Caminhos de floresta
«“O Processo” ensina-nos que
tais procedimentos judiciais não costumam deixar aos acusados qualquer margem
para a esperança – nem mesmo quando ainda lhes resta a esperança de serem
absolvidos. Talvez seja esta ausência de esperança que faz aparecer neles,
criaturas kafkianas por excelência, alguma réstia de beleza. Isto parece
corresponder bem à ideia de um fragmento que nos foi transmitido por Max
Brod.«Lembro-me», escreve ele, «de uma conversa com Kafka em que ele deduzia o
actual estado da Europa a decadência da humanidade.
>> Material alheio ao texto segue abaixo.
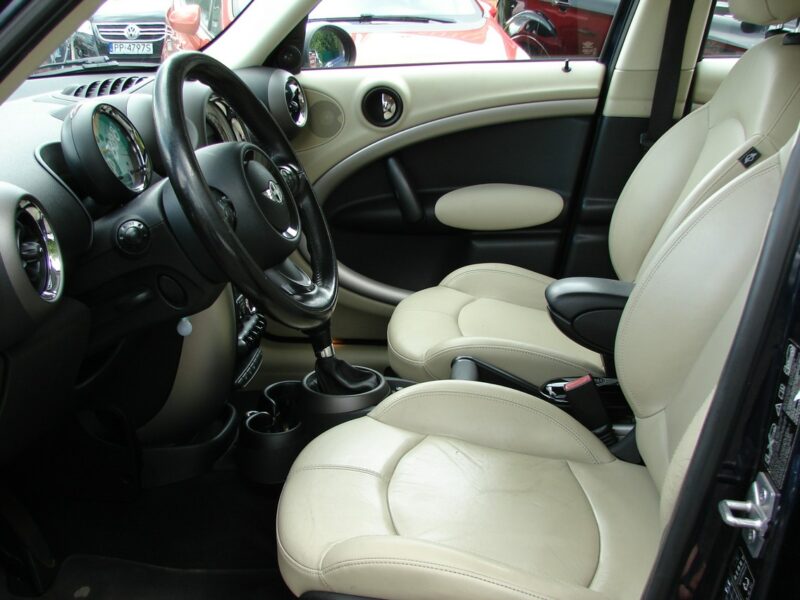 Mini Countryman 2,0 D 112 KM , super stan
Dizia ele que “nós somos
pensamentos niilistas, pensamentos suicidas que sobem à cabeça de Deus.”
«Associei logo isto à visão gnóstica do mundo: Deus como demiurgo perverso, o
mundo como o seu pecado original.» “Não, não”, disse ele, “o nosso mundo é
apenas o resultado do mau humor de Deus, de um dos seus maus dias.” - «Então
haverá alguma esperança fora desta manifestação que é o mundo?» – Ele sorriu:
“Ah, sim, esperança há muita, a perder de vista – mas não para nós”».
Walter Benjamin, Ensaios sobre
literatura, edição e tradução de João Barrento, Assírio e Alvim, 2016.